When writing back the track, you could again just write the whole ringbuffer to the disk immediately. This meant that you didn't have to wait for the appropriate sector to appear under the head.
- Floppies are somewhat speed-sensitive. No floppy drive will spin at *exactly* 300 rpm. You'd have some amount of deviation from one drive to the next. So you won't need true cycle-accurate emulation of the whole floppy drive. Perhaps not even for the controller itself. As long as you're 'in the ballpark', things should work fine.
I mean the Kryoflux images are basically the times between magnetization changes. So you could make one thread simulate the rotating disk by just setting the currently visible magnetization to the head(s). With slightly more effort you can even implement a slow rotation start/stop as well as a slightly variable final speed and stepper times that are also a bit different each time. You can even change the sampled streams after one rotation as typically tracks are sampled five times.
In reality the exact timing is also not the same for each rotation. Even if you step to a track the head never lands at the same ideal position and this can change the magnetization timing as well.
On controller side you can read the magnetization the head 'sees' that the other thread generated with timing given by the image streams. I think this helps already greatly to get an accurate emulation. All the assumptions that there is already a certain disk structure present is a strong simplification. In reality you can image a paper disk or change the disk to another one while a program reads, which is btw used for automatic disk change detection also on PC by some programs.
The different disk images use 300 RPM as a default, except 1.2MB 5" floppy disk images, which use 360RPM. Although the read/write speeds aren't implemented yet(Only seek times for seek and recalibrate commands atm).
Strange enough: it seems to abort the transfer of data on the Generic Super PC/Turbo XT BIOS v2.6?
The log of booting MS-DOS from hard disk on XT emulation, then "dir a:", which fails with a not ready error.

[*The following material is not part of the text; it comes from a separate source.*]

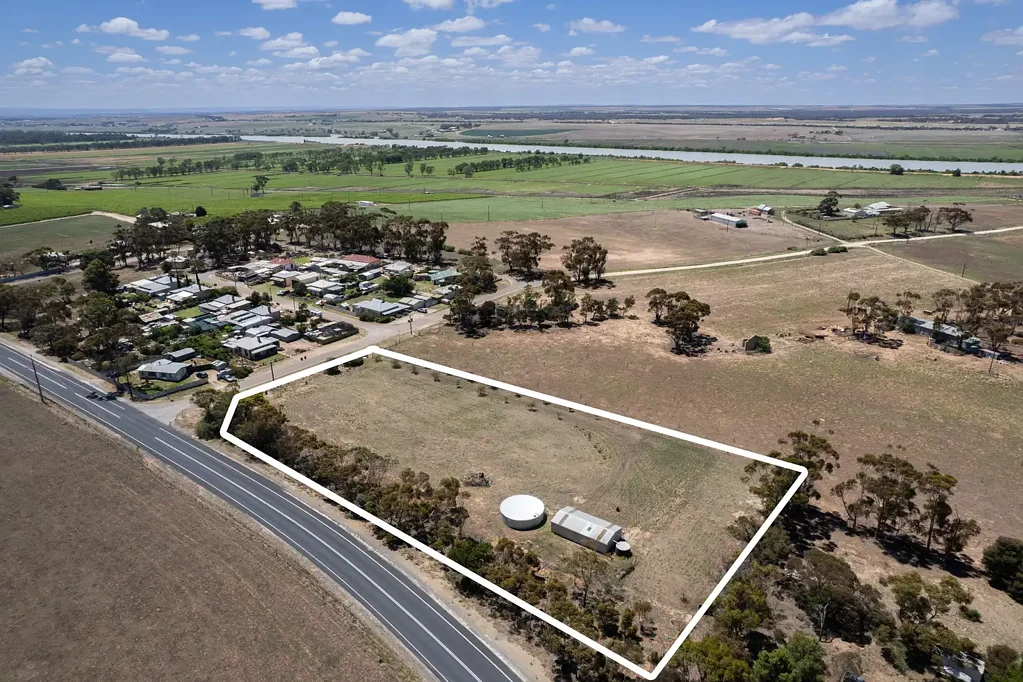 6 Morphett Street, Woods Point, SA 5253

It seems to start the DMA transfer, but it is either never transferred, or the transfer has a problem(there isn't the required message that the transfer has finished ("FLOPPY: Finished transfer of data (1 sectors)" to be exact). So could this mean a problem with DMA transfers?
Edit: It seems the DMA controller had a little problem with the last conversion to the new byte addressing replacement of bitfields. It was anding the mode control register with C0 and checking the resulting value against 4 and 8. This is, of course, supposed to be anding with C instead. Now DMA transfers function properly again, and the XT can read the floppy disk properly again:)
I've improved the floppy disk emulation a bit. It now should properly step to cylinder 0 using timed stepping during recalibrate, and to cylinder X during seek.